------ GIVEN DATA
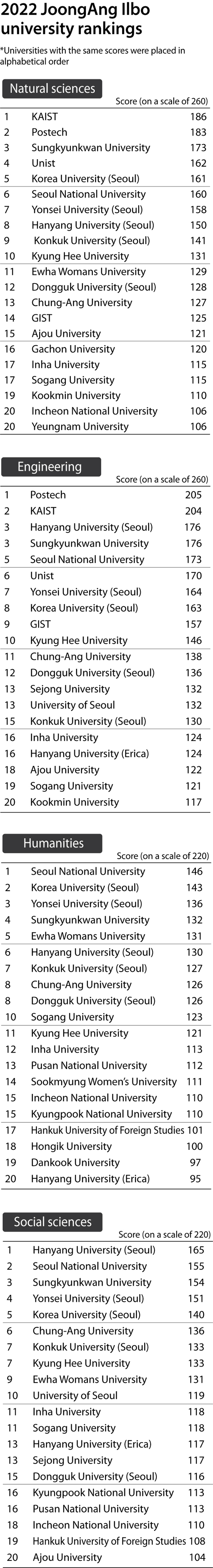 initiatives-research-projects-scholarships-help-universities-up-their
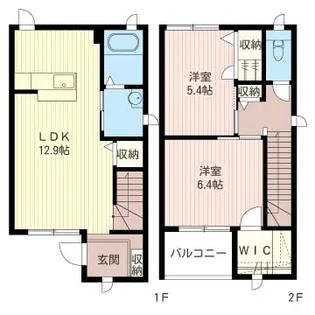 パンリーブルI【2階】の間取り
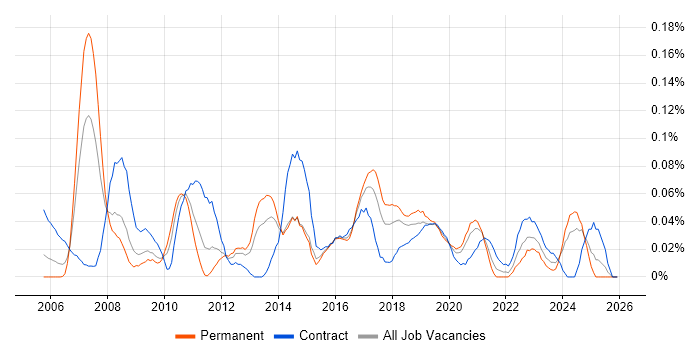 Product Business Analyst job vacancy trend in the South West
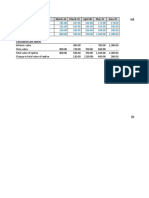 Hedged Item - Forecasted Transaction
------------
• _PROBLEM TO SOLVE_:
Starting with the line that contains "Product Business Analyst", give the lines again exactly as they appear through the last line of the data, pictures excluded.

• _ANSWER_:
 Product Business Analyst job vacancy trend in the South West
 Hedged Item - Forecasted Transaction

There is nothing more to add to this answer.